My first Idea was to create 4 counter columns in the item’s DB-Table. One for each of daily, weekly, monthly and overall, and the create a cron job, that clears the daily counter every 24 hours, the weekly counter every 7 days and so on.
But my problem with this is, what happens if I want to know which was the most viewed item of the week, just after the weekly counter got cleared?
What I need is an efficient way to create a continous counter, which got reduced for every page view that is too old, and increased for every new page view.
Right now I’m thinking of a solution with the redis server, but I don’t have any solution yet.
I’m just looking for a general idea here, but FYI I’m developing this application in Ruby on Rails.

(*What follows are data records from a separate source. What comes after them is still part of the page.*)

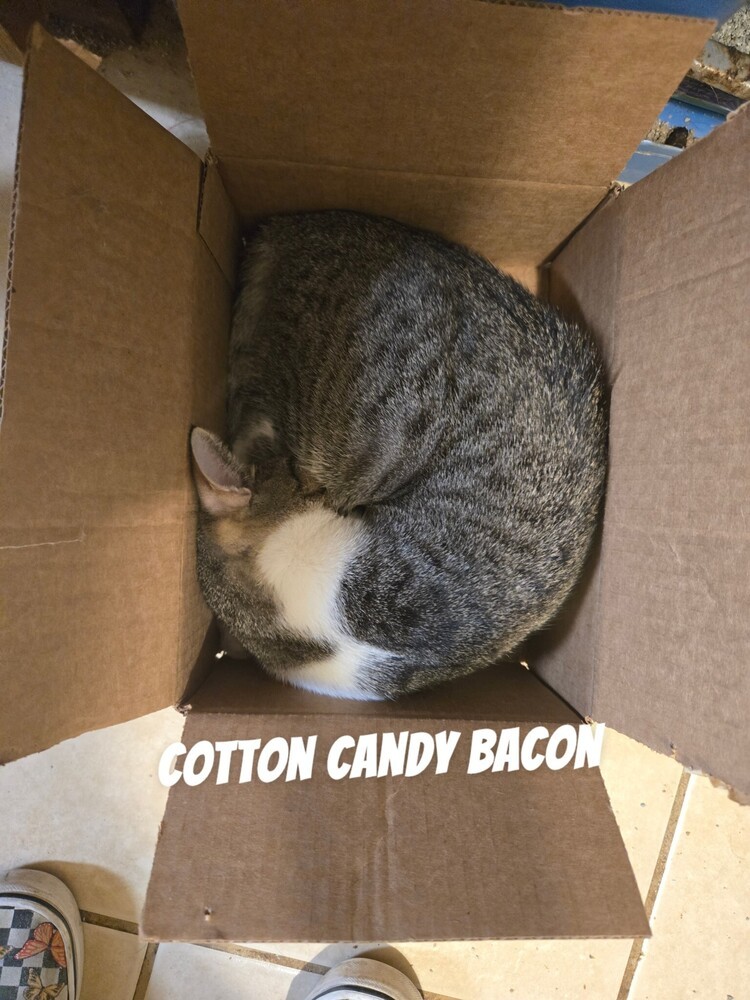 Cotton Candy Bacon 0757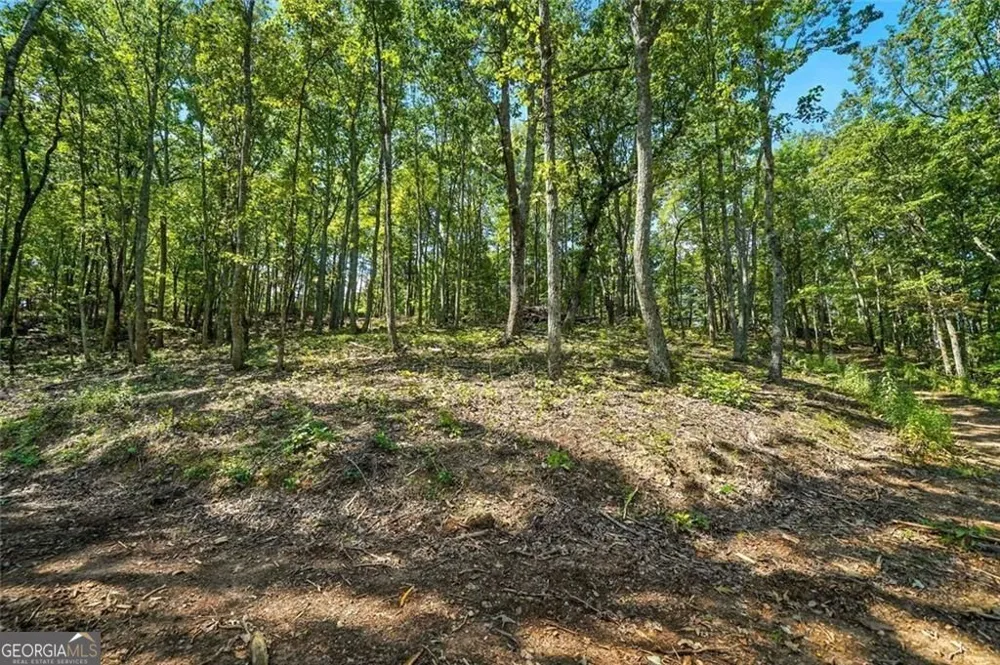 0 Debord DR Waleska, GA 30183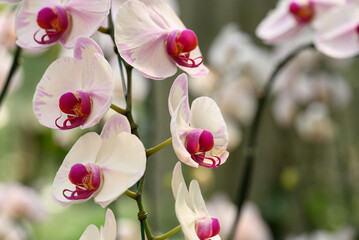 Beautiful pink white Phalaenopsis orchid flower blossom in Thailand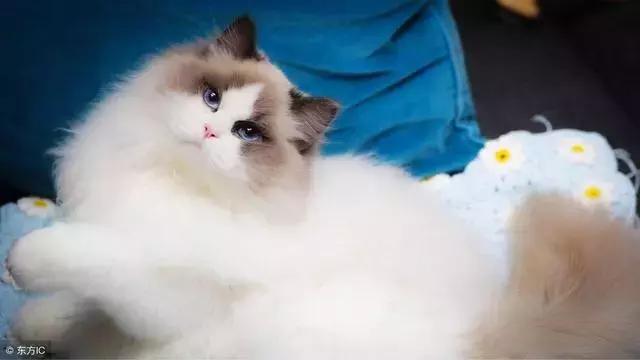 猫癣的症状和防治方法（猫病百科猫癣是啥）(5)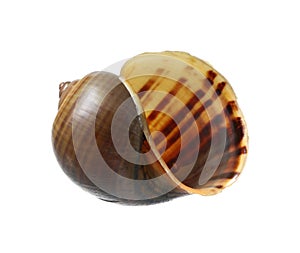 Golden applesnail shell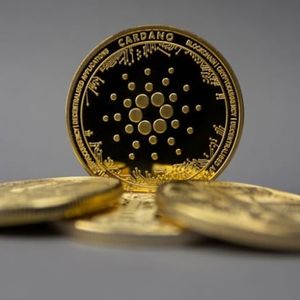 Cardano Price Set for a 50% Crash? Watch This Key Level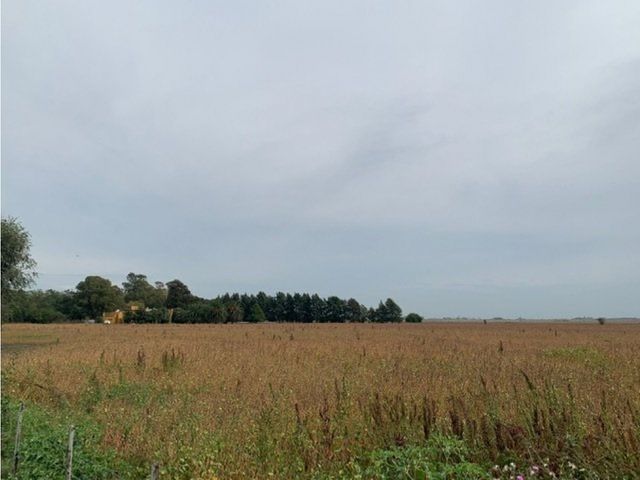 place photo 29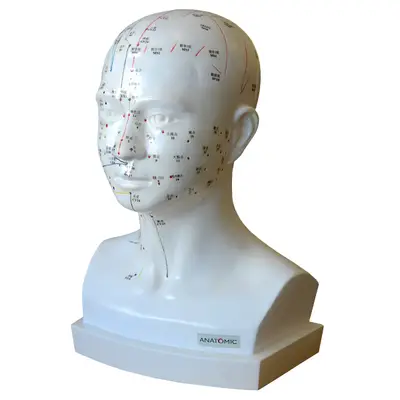 Modelo Acupuntura da Cabeça e Pescoço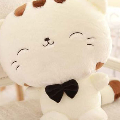 Custom avatar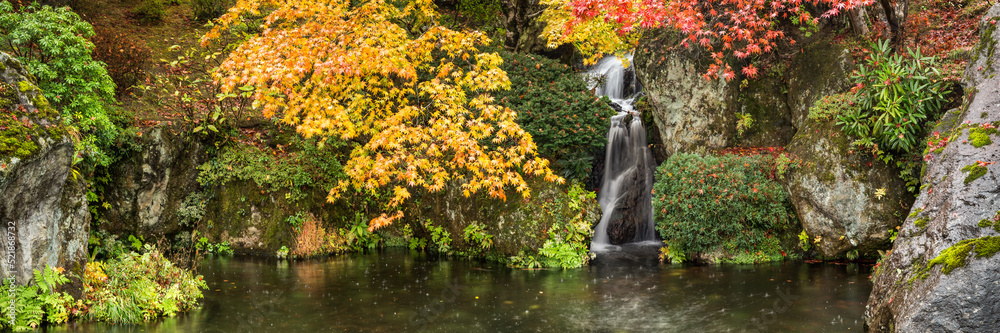 Wall mural panorama of a japanese garden in autumn with waterfall and colorful maple leaves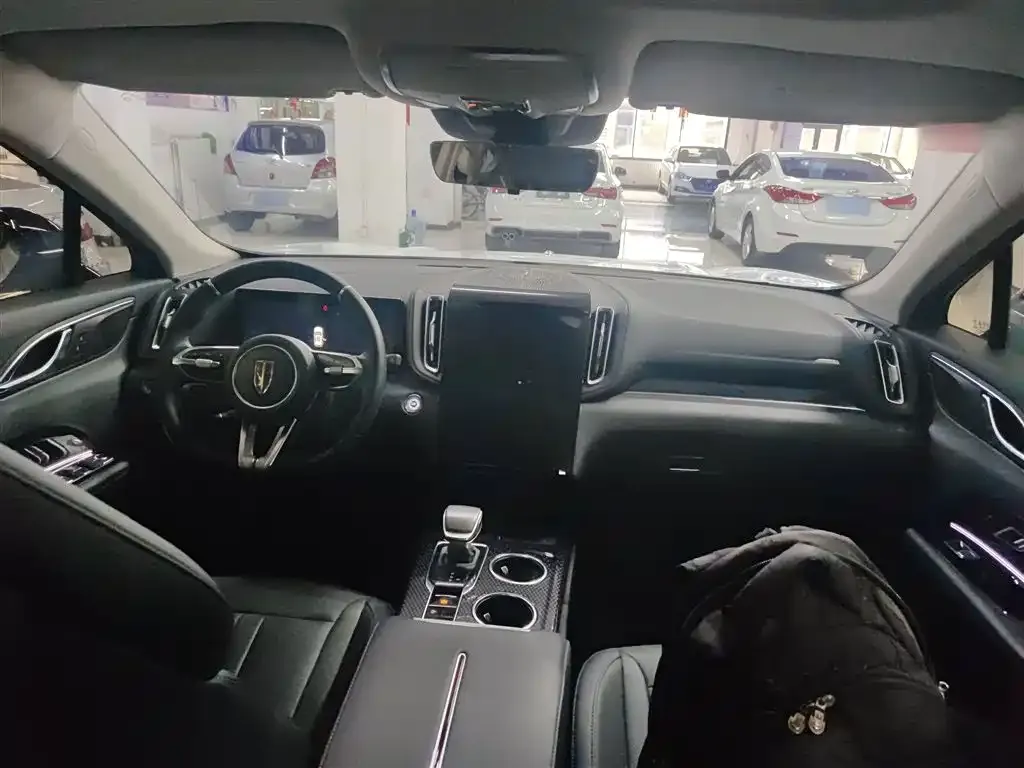 Hongqi HS3 PHEV 2024 из CN, фото 10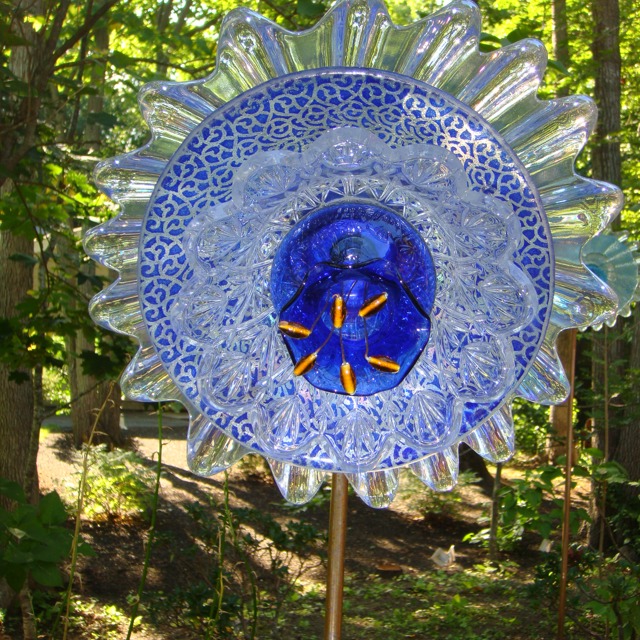 Plate Bloomer #6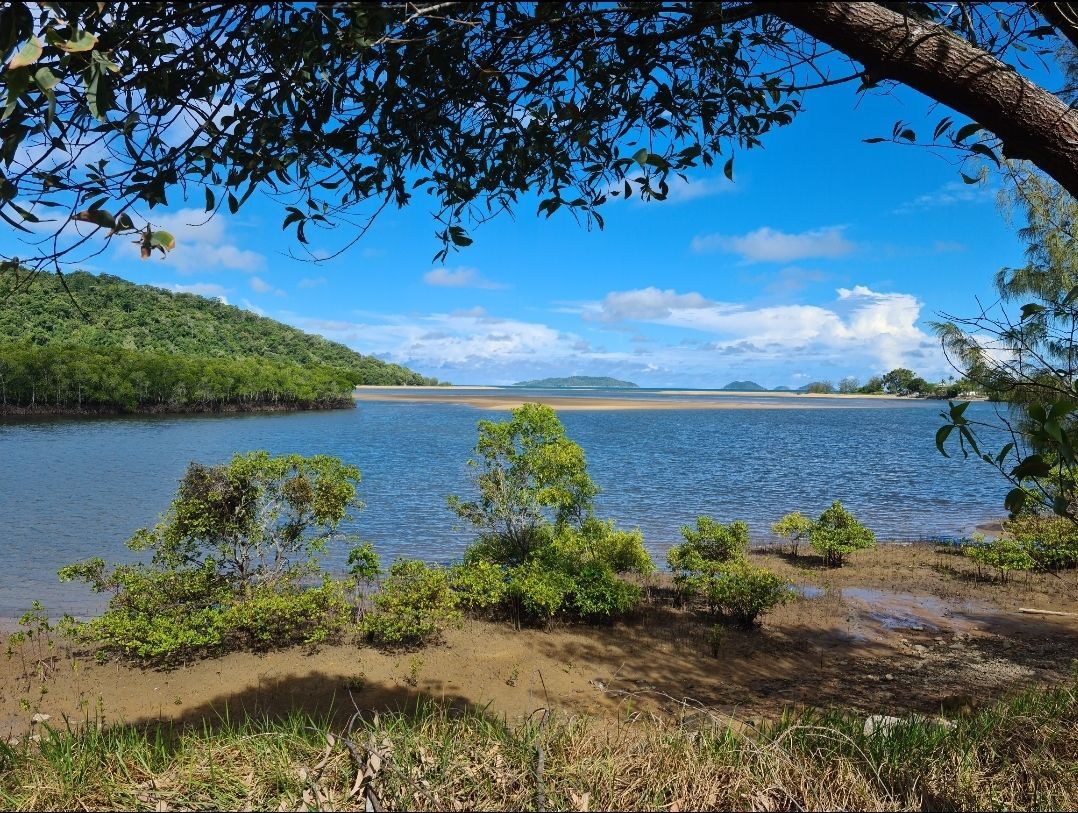 Lot 5 Paradise Palms Drive, Tully Heads QLD 4854, Image 1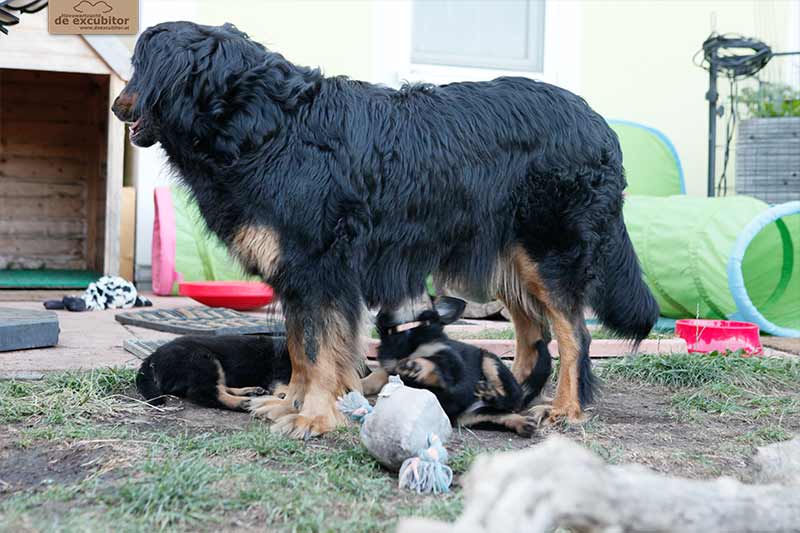 H-Wurf_Fotogalerie_6Woche_800x533_014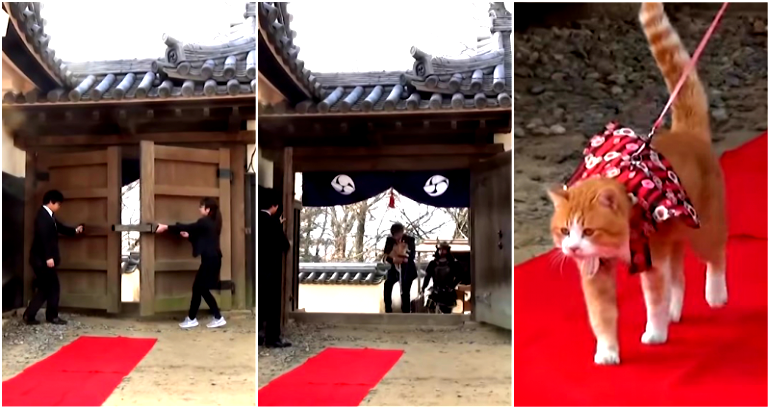 Cat Becomes the ‘Lord’ of a Japanese Castle, Rakes in Tourism Money After Devastating Floods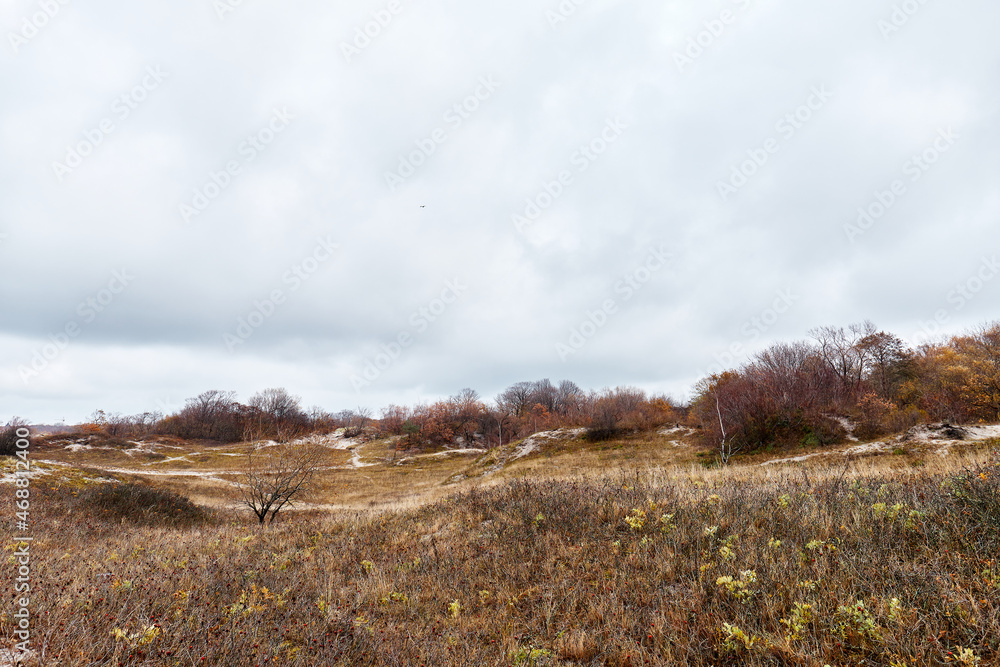 Fototapeta premium autumn landscape in the forest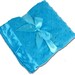 Personalized Minky Baby Blanket Zebra Pink Brown Turquoise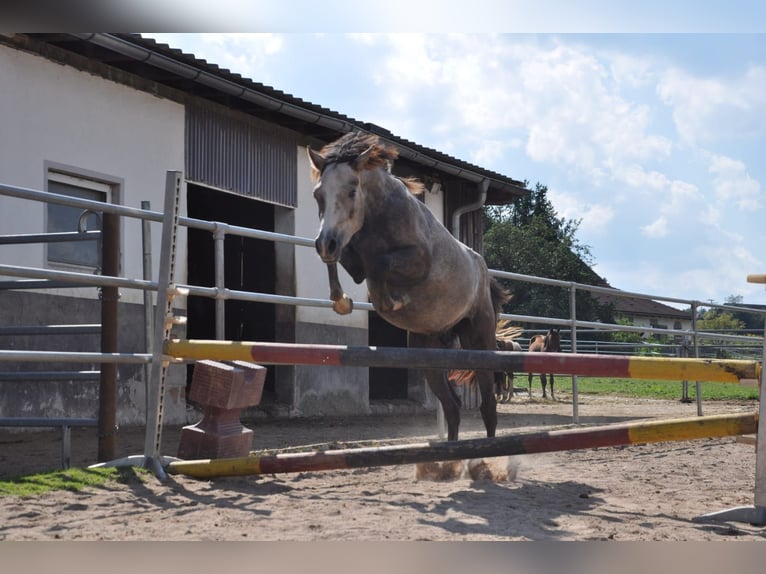 German Riding Pony Gelding 4 years 14,1 hh Gray in Eckersdorf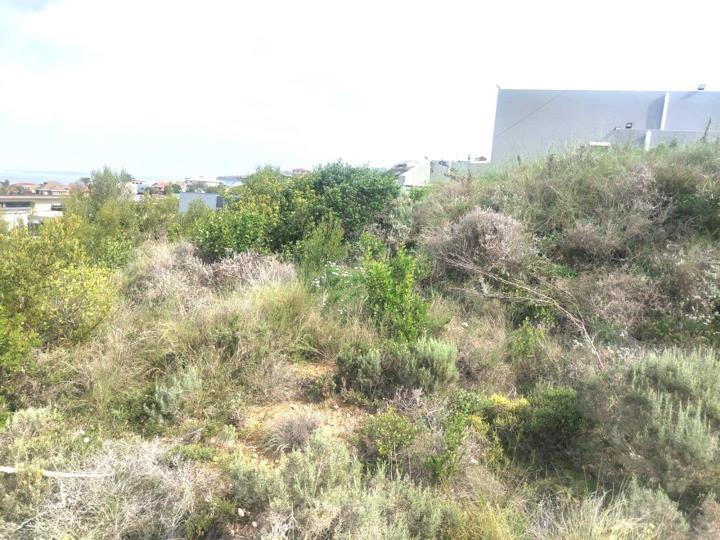 Listing number: P24-117539786, Image number: 3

What I would suggest to tracking hits on each page, with just a timestamp and any user id or what ever you can store, then you can calculate the counters how you like and change it later because you have the data in a simple to use format. A table with entity(page) userid and timestamp should be good. Just add to that when ever the page is requested.
To reduce the number of inserts you can batch them together in your software. Constructing a multi row insert like here for MySQL will save overhead. You will just need your classes to construct the insert as described and store up until the insert. One idea is to not only time it but fix a number of rows to batch allowing you to say at most if the server goes does you only lose x number of rows of hits.
There is a MySQL trigger that you can cause to run only after the full batch of inserts is done which you could use to update reporting tables so you don’t have to constantly hit the main hit tracking table.
Also if this does need to be really high throughput it could be broken off into its own shard and accessed via Ajax calls to do the hit tracking and get the counts.